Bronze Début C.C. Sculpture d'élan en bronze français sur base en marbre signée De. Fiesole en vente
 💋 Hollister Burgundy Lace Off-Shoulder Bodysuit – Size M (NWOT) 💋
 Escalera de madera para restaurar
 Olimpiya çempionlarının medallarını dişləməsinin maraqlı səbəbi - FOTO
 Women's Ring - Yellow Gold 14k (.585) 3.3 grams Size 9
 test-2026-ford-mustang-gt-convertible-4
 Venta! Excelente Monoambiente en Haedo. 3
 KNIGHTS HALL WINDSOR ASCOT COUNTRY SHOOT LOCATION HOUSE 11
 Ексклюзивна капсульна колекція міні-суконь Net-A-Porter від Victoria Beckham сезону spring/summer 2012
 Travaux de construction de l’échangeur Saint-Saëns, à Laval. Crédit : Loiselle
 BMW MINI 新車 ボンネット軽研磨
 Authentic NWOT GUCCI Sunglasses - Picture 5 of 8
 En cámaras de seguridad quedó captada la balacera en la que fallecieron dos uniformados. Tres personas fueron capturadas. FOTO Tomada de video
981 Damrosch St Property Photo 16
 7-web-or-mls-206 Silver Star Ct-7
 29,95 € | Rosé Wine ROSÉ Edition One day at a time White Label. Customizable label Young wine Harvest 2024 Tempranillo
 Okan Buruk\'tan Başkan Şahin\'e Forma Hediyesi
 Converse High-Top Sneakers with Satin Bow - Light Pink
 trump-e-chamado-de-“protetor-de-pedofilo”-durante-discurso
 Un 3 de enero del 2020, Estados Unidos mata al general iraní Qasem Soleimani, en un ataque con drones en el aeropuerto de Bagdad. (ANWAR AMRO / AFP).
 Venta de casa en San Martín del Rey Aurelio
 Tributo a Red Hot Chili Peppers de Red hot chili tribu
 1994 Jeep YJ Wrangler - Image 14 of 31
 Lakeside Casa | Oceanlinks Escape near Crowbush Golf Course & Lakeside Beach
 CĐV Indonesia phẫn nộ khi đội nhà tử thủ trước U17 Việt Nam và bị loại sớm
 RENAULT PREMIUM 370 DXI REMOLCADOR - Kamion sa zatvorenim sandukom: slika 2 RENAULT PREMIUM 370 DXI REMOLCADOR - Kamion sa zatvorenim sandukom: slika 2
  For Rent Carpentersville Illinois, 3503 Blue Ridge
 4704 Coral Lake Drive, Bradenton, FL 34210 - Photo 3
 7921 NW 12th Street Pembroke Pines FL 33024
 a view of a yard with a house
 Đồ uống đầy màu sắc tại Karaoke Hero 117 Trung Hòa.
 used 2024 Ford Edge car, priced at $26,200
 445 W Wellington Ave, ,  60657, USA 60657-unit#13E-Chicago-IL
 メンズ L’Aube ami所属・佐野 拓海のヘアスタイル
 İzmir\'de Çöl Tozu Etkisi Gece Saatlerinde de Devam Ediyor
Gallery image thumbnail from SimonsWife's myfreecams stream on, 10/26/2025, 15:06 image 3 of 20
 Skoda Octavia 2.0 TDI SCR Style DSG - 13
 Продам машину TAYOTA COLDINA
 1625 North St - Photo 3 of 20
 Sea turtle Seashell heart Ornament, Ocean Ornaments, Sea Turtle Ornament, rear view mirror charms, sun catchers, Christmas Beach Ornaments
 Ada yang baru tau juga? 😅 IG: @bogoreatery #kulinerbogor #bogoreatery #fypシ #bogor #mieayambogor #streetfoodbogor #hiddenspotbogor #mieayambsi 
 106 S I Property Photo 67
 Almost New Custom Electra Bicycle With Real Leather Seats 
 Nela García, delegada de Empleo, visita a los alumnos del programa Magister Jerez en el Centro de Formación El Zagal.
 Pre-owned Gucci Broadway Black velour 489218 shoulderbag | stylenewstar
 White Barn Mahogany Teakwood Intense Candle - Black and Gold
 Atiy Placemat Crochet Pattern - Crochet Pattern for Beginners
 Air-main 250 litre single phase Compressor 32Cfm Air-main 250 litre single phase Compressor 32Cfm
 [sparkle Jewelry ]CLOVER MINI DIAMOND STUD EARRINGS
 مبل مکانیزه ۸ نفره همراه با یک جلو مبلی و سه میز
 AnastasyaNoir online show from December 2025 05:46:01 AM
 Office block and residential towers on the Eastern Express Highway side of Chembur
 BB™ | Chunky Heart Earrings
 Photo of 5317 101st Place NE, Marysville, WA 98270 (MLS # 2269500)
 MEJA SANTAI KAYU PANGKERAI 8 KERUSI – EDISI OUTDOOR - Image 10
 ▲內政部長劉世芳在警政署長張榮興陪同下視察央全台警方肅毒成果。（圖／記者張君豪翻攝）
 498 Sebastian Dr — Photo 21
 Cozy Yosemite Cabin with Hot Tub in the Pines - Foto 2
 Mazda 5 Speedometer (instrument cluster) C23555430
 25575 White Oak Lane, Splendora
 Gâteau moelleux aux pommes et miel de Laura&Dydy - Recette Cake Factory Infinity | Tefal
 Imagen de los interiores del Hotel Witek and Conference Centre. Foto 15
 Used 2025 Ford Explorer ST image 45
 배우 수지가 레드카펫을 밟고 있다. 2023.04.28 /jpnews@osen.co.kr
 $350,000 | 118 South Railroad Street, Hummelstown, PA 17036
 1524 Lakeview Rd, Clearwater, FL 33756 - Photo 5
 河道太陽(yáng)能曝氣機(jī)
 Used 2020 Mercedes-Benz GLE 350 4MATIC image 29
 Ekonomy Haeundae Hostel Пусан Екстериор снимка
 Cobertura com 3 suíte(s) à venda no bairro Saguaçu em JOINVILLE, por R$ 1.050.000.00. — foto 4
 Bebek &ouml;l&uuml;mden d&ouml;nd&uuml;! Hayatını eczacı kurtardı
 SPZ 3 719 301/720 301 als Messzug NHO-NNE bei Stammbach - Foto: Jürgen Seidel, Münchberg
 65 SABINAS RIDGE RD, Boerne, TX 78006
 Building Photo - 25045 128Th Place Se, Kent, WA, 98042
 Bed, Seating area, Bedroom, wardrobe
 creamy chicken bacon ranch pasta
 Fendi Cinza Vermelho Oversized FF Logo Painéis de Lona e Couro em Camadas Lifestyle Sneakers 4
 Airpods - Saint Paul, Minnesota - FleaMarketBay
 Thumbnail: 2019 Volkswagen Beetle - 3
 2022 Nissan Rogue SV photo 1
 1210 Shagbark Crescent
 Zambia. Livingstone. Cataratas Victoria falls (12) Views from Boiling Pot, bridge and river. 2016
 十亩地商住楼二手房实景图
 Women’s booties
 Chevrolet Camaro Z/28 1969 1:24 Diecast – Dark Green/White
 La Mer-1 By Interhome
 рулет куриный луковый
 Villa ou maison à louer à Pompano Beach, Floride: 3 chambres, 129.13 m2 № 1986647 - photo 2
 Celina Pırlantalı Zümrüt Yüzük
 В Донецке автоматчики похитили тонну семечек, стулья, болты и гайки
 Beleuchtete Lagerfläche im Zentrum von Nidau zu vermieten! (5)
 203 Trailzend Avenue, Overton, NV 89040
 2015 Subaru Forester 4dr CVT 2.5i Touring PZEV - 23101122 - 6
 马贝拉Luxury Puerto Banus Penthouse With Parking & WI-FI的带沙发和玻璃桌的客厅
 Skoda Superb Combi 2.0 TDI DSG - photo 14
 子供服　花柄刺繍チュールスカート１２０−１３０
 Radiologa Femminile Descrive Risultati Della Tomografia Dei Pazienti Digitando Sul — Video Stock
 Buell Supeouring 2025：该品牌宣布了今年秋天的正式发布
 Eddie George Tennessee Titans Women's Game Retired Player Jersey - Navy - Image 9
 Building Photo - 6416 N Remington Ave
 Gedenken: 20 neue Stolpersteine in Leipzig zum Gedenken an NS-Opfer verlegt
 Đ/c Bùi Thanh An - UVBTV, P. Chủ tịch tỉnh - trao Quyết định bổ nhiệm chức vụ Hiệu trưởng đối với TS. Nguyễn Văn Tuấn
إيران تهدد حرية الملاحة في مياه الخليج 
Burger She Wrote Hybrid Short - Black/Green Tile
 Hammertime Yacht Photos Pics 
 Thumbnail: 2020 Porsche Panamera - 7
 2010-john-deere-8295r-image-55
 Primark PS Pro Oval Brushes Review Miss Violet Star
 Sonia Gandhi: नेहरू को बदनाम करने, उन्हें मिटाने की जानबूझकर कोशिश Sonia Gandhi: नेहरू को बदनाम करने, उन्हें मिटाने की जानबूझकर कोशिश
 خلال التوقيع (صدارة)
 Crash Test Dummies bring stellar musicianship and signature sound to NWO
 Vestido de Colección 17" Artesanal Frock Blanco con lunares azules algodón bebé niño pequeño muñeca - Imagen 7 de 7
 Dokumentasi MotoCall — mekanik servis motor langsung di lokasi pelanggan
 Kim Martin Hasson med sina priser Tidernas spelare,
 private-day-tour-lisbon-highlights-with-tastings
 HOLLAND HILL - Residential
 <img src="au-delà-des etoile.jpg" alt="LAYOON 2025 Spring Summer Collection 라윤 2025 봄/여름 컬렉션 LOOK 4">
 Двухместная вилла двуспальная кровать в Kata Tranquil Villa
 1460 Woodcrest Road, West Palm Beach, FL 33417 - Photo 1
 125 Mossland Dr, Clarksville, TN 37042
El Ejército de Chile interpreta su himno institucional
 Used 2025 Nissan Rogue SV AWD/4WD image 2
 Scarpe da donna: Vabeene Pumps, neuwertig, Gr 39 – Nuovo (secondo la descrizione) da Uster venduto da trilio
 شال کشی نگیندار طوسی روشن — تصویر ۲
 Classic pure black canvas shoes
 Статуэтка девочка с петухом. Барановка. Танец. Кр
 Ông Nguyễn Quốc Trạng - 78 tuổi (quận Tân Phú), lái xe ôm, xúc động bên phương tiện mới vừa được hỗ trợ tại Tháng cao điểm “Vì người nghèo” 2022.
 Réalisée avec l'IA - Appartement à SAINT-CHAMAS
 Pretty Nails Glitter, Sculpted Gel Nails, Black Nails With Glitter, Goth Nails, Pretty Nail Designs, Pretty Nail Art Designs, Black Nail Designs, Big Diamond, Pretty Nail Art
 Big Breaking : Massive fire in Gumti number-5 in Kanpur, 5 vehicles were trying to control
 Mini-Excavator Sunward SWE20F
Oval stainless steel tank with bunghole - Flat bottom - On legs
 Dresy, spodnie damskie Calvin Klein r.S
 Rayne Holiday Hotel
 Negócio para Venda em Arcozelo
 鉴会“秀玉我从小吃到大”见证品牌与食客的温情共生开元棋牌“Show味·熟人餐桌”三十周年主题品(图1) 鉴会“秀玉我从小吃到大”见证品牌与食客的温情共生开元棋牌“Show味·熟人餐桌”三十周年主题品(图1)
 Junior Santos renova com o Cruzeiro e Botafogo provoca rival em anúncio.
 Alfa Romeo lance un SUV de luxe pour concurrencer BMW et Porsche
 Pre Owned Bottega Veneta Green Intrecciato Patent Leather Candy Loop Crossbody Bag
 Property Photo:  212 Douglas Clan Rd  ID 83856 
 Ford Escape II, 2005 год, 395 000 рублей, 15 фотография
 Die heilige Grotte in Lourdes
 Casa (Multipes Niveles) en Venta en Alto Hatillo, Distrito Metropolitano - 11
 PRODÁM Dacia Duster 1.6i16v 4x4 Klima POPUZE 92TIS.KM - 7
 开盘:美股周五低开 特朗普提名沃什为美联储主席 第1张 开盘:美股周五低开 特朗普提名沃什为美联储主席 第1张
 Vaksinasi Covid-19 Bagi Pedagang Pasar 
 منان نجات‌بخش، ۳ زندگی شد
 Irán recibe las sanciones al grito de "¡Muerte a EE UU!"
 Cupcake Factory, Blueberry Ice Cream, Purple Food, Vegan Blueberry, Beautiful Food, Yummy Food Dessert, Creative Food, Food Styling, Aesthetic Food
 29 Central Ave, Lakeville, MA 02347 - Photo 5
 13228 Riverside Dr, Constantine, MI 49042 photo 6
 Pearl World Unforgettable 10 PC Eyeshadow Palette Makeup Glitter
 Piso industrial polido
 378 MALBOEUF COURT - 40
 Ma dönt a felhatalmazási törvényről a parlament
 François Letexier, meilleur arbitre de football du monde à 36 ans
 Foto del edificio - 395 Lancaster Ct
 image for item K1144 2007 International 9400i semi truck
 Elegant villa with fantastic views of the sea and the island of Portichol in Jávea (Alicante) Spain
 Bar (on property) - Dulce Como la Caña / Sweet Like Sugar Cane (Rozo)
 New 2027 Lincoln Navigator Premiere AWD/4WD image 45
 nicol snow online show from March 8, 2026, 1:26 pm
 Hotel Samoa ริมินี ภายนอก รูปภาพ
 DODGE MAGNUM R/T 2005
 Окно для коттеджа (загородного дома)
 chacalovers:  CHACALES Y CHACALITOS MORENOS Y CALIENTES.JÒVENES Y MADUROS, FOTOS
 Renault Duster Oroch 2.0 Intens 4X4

**Try it:** Return exactly the line that contains "13228 Riverside Dr, Constantine, MI" and every line after it, through the last line of the records.

**Response box:**
 13228 Riverside Dr, Constantine, MI 49042 photo 6
 Pearl World Unforgettable 10 PC Eyeshadow Palette Makeup Glitter
 Piso industrial polido
 378 MALBOEUF COURT - 40
 Ma dönt a felhatalmazási törvényről a parlament
 François Letexier, meilleur arbitre de football du monde à 36 ans
 Foto del edificio - 395 Lancaster Ct
 image for item K1144 2007 International 9400i semi truck
 Elegant villa with fantastic views of the sea and the island of Portichol in Jávea (Alicante) Spain
 Bar (on property) - Dulce Como la Caña / Sweet Like Sugar Cane (Rozo)
 New 2027 Lincoln Navigator Premiere AWD/4WD image 45
 nicol snow online show from March 8, 2026, 1:26 pm
 Hotel Samoa ริมินี ภายนอก รูปภาพ
 DODGE MAGNUM R/T 2005
 Окно для коттеджа (загородного дома)
 chacalovers:  CHACALES Y CHACALITOS MORENOS Y CALIENTES.JÒVENES Y MADUROS, FOTOS
 Renault Duster Oroch 2.0 Intens 4X4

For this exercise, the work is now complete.